Secondo quanto riportato dal quotidiano La Stampa, per lo storico argentino Uki Goñi, che ha indagato a fondo sui documenti dell'epoca, la rete vaticana di protezione dei criminali di guerra faceva capo a Montini e ai cardinali Eugène Tisserant e Antonio Caggiano (argentino). Responsabili operativi erano il futuro cardinale genovese Siri, il vescovo austriaco Alois Hudal, parroco della chiesa di Santa Maria dell'anima in via della Pace a Roma e guida spirituale della comunità tedesca in Italia, il sacerdote croato Krunoslav Draganovic e il vescovo argentino Augustin Barrère.
L'Argentina del dittatore Perón costituiva la mèta finale della fuga dei criminali croati organizzata dal Vaticano. In una lettera del 31 agosto 1946 del vescovo Hudal a Perón si chiedeva di consentire l'ingresso in Argentina a "5 mila combattenti anticomunisti". In un altro documento, anch'esso reperito da Goñi, il futuro papa Montini esprimeva all'ambasciatore argentino presso la Santa Sede (giugno 1946) l'interesse di Pio XII all'emigrazione "non solo di italiani".

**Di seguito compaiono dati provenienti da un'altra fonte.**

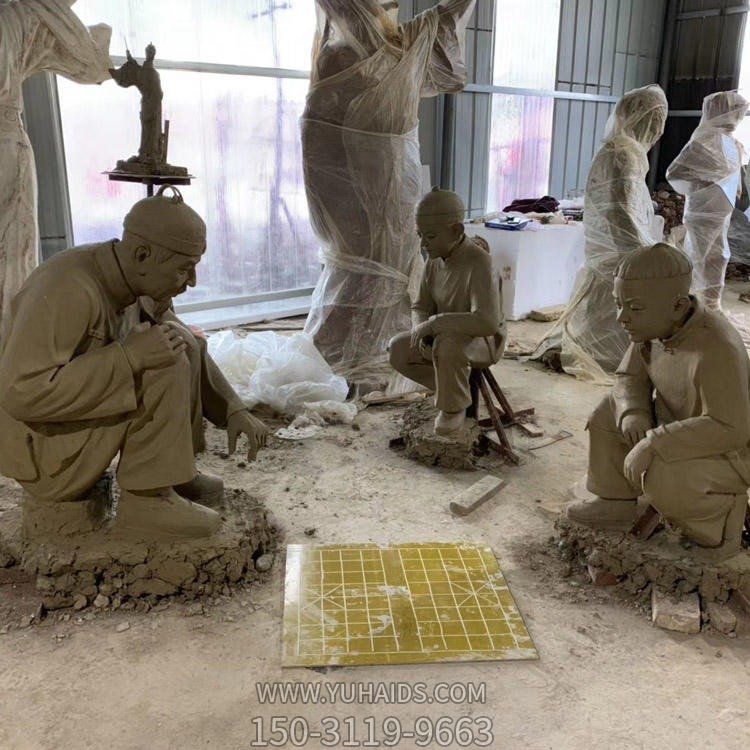 商业步行街铸铜爷孙俩下象棋博鱼网页版摆件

La via di fuga verso il compiacente regime argentino passava quindi per Roma. E in particolare dal monastero croato di San Gerolamo, sito in via Tomacelli 132. Qui il boia Pavelic e i suoi ustascia, in attesa di involarsi per il Sud America, furono accolti e nascosti da Draganovic, che custodiva anche il tesoro trafugato dalla Jugoslavia, poi riciclato dalla Banca vaticana. Ecco che cosa ne diceva allora un rapporto dei servizi segreti americani: "Oggi, agli occhi del Vaticano, Pavelic è un cattolico militante, un uomo che ha sbagliato, ma che ha sbagliato lottando per il cattolicesimo. È per questo motivo che il soggetto gode ora della protezione del Vaticano".

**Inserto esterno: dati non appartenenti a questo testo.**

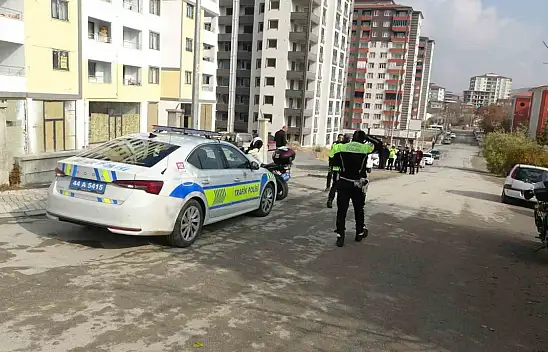 Malatya'da otomobil okula giden öğrencilerin arasına daldı!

L'agente Usa Gowen aveva avuto appunto il compito di scoprire il covo romano di Pavelic e di arrestarlo, ed era sul punto di farlo quando arrivò dall'alto il contrordine. Poco dopo Pavelic fu fatto scappare in Argentina. Ai giudici di San Francisco Gowen ha dichiarato di aver indagato personalmente su Draganovic, e che questi gli disse che informava monsignor Montini. Secondo l'agente, anzi, Montini venne a sapere dal capo dell'Oss a Roma (la futura Cia), James Angleton, delle sue indagini su Pavelic, e il futuro Paolo VI protestò con le autorità americane per la perquisizione di Gowen nel monastero di San Girolamo, accusandolo di aver violato la sovranità territoriale del Vaticano.
Da qui, si intuisce, l'ordine di mollare tutto che l'agente si sentì arrivare dai suoi superiori.